To demonstrate that w is a subspace of R3, we verify that it contains the zero vector, is closed under vector addition, and closed under scalar multiplication. All conditions are satisfied using the parametric line equations x = at, y = bt, and z = ct.

Step-by-step explanation:

To show that w is a subspace of ℝ3, we must demonstrate that it satisfies three criteria: it must contain the zero vector, it must be closed under vector addition, and it must be closed under scalar multiplication.

Firstly, when t = 0, the parametric equations x = at, y = bt, and z = ct all yield 0, providing the zero vector (0, 0, 0), which belongs to w and ℝ3.

Secondly, for closure under vector addition, consider two points P1 = (a1t1, b1t1, c1t1) and P2 = (a2t2, b2t2, c2t2) in w. Their sum is (a1t1 + a2t2, b1t1 + b2t2, c1t1 + c2t2), which is another point on the line through the origin, therefore in w.

Finally, for closure under scalar multiplication, take any scalar k and point P = (at, bt, ct) in w.

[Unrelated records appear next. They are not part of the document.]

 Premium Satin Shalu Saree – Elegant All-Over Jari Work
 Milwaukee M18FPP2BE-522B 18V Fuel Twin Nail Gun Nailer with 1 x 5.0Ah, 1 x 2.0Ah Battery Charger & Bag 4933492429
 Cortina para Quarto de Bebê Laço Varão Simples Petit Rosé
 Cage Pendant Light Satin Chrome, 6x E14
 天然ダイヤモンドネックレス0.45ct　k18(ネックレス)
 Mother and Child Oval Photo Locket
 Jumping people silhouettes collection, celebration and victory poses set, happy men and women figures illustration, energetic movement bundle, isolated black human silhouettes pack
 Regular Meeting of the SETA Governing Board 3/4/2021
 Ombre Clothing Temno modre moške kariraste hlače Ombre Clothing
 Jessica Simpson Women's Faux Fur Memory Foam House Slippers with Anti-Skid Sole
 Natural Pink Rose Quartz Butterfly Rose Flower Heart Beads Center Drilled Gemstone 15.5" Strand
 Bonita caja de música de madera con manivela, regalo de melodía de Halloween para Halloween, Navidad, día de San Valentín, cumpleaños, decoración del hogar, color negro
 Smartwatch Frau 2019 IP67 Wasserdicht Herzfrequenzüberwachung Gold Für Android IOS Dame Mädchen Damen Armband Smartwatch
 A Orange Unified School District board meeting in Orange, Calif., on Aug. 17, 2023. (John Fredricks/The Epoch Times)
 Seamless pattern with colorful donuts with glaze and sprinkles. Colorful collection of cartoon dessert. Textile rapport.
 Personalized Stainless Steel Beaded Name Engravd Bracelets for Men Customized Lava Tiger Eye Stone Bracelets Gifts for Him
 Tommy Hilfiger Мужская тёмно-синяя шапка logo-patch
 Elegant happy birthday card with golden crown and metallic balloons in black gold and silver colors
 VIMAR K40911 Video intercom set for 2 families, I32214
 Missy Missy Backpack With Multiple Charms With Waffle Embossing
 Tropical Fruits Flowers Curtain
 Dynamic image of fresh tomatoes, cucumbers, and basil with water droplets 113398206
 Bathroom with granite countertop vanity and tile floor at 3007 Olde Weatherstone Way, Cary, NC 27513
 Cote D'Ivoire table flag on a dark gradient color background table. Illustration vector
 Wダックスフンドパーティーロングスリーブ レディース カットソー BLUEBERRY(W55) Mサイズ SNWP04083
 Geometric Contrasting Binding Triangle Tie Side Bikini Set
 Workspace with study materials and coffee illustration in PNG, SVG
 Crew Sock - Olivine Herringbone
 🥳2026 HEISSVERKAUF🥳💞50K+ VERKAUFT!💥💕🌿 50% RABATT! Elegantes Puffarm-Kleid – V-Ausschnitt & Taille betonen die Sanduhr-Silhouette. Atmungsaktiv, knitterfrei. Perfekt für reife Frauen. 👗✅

The product kP is (k*at, k*bt, k*ct), which is also on the line through the origin, so it remains in w.

Since w satisfies all three criteria, it is a subspace of ℝ3.

Answer 2

The subset w is a subspace of R^3 because it contains the zero vector, it is closed under vector addition, and it is closed under scalar multiplication, satisfying the three necessary criteria for being a subspace.

Step-by-step explanation:

To show that w is a subspace of R^3, we must verify that it satisfies the three subspace criteria:

1. It contains the zero vector.
2. It is closed under vector addition.
3. It is closed under scalar multiplication.

The line is represented by parametric equations x = at, y = bt, and z = ct. For the first criterion, if we choose t = 0, we find that x = y = z = 0, which is the zero vector in R^3, and therefore w satisfies the first criterion.

For the second criterion, let's take two vectors on the line: v1 = (a·t1, b·t1, c·t1) and v2 = (a·t2, b·t2, c·t2). Under vector addition, v1 + v2 = (a·(t1+t2), b·(t1+t2), c·(t1+t2)), which is the same as (a, b, c) multiplied by the scalar (t1 + t2). This means that the sum is still on the line, thus w is closed under vector addition.

For the third criterion, if we take any scalar κ and multiply it with a vector v1, we get κ v1 = (κ a·t1, κ b·t1, κ c·t1), which can also be written as (a, b, c) multiplied by the new scalar κ·t1. Hence, w is closed under scalar multiplication.

Therefore, since w satisfies all three criteria, it is indeed a subspace of R^3.